#### SUPPLIED INFORMATION

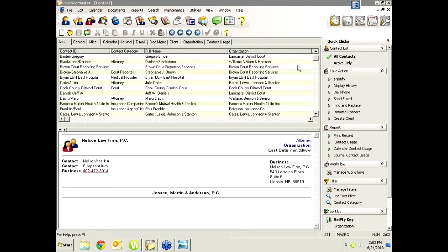Good afternoon, everyone. My name is Paul and I am a nerd. This is the June 2013 virtual user group meeting for PracticeMaster users, and it is the first virtual user group meeting specifically for PracticeMaster users.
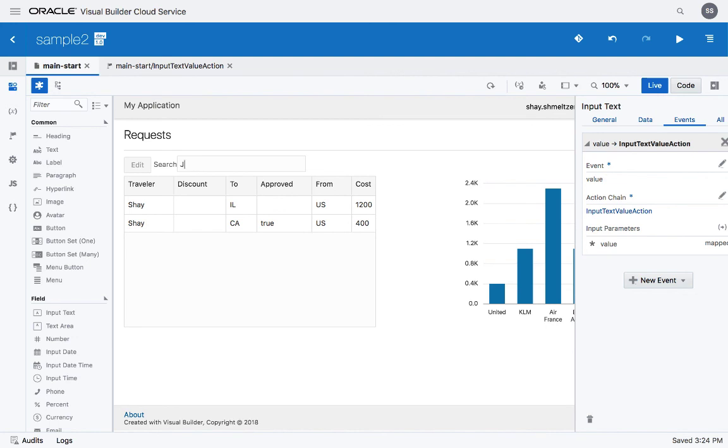And if we type John, the table would filter to show us John. And that's all you need to do.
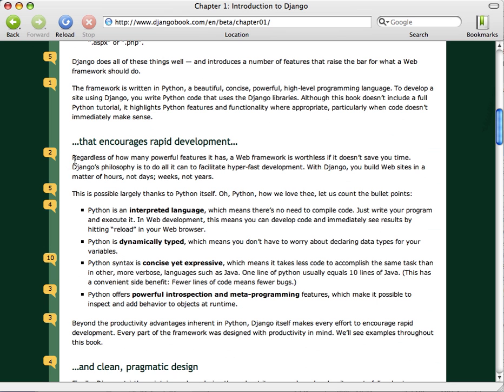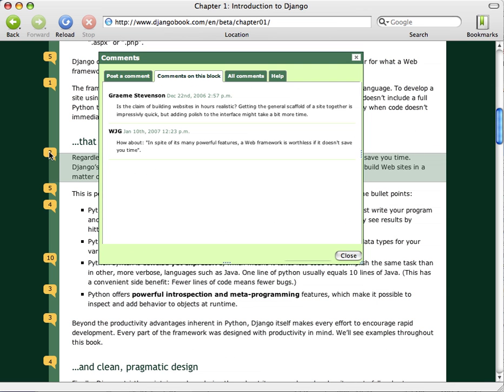This particular website allows people to comment on a line by line, paragraph by paragraph basis. So if we want to see what comments have been made, we just click on the number and the comments come up in a separate box.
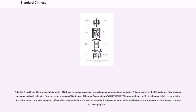After the Republic of China was established in 1912, there was more success in promoting a common national language. A commission on the unification of pronunciation was convened with delegates from the entire country. A dictionary of national pronunciation was published in 1919, defining a hybrid pronunciation that did not match any existing speech.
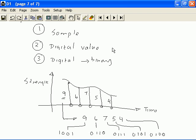So, instead of transmitting the numbers 9, 6, 7, 5, 4, we would basically be transmitting this set of binary numbers. When these binary numbers are received on the other side, then these numbers will be converted back to their original digital values.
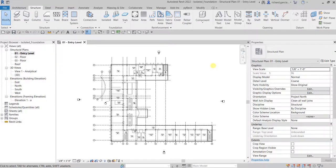What's up guys, Learning with Rich here. In this video we are going to learn how to add isolated foundation to our model. Let's get started from the Structure tab.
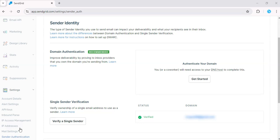So go ahead and log in to your SendGrid dashboard. If you don't have an account, sign up for free. Go ahead and log in. Don't worry, the free version works perfectly for this.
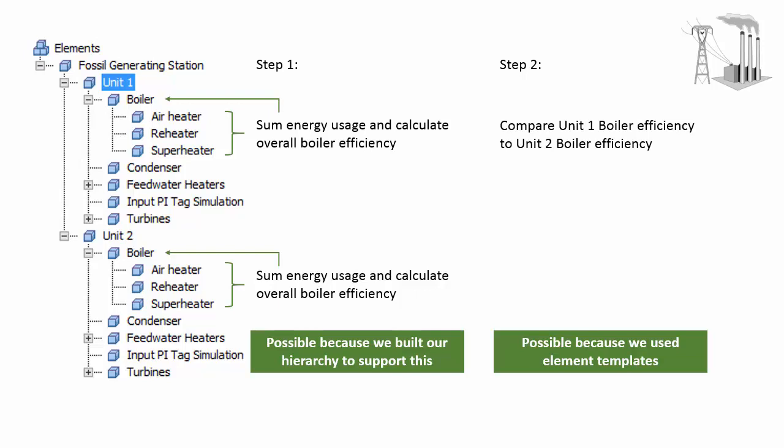And this is possible because we used element templates. This should provide you with more ideas about how you would want to create your hierarchy to be able to do the comparisons that you want. The assets that we wanted to compare defined our hierarchy, while templates will provide us with the standardization required to make those comparisons.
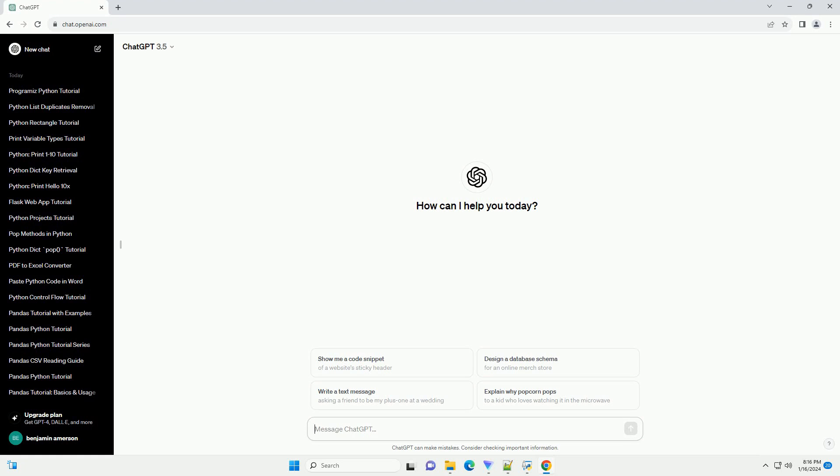Title: Getting Started with Programiz Python Online Compiler, a Comprehensive Tutorial.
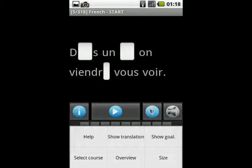To reach other features of the application, you can use your phone's menu button. You can change settings, show the sentence translation, and get solutions to the exercise. You can also bring up an overview of the course or go back to the course selection menu.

########

YOUR INSTRUCTIONS. In your copy, restate the data above word for word but leave out any picture.

TASK RESULT.
Good afternoon, everyone. My name is Paul and I am a nerd. This is the June 2013 virtual user group meeting for PracticeMaster users, and it is the first virtual user group meeting specifically for PracticeMaster users.
And if we type John, the table would filter to show us John. And that's all you need to do.
This particular website allows people to comment on a line by line, paragraph by paragraph basis. So if we want to see what comments have been made, we just click on the number and the comments come up in a separate box.
After the Republic of China was established in 1912, there was more success in promoting a common national language. A commission on the unification of pronunciation was convened with delegates from the entire country. A dictionary of national pronunciation was published in 1919, defining a hybrid pronunciation that did not match any existing speech.
So, instead of transmitting the numbers 9, 6, 7, 5, 4, we would basically be transmitting this set of binary numbers. When these binary numbers are received on the other side, then these numbers will be converted back to their original digital values.
What's up guys, Learning with Rich here. In this video we are going to learn how to add isolated foundation to our model. Let's get started from the Structure tab.
So go ahead and log in to your SendGrid dashboard. If you don't have an account, sign up for free. Go ahead and log in. Don't worry, the free version works perfectly for this.
And this is possible because we used element templates. This should provide you with more ideas about how you would want to create your hierarchy to be able to do the comparisons that you want. The assets that we wanted to compare defined our hierarchy, while templates will provide us with the standardization required to make those comparisons.
Title: Getting Started with Programiz Python Online Compiler, a Comprehensive Tutorial.
To reach other features of the application, you can use your phone's menu button. You can change settings, show the sentence translation, and get solutions to the exercise. You can also bring up an overview of the course or go back to the course selection menu.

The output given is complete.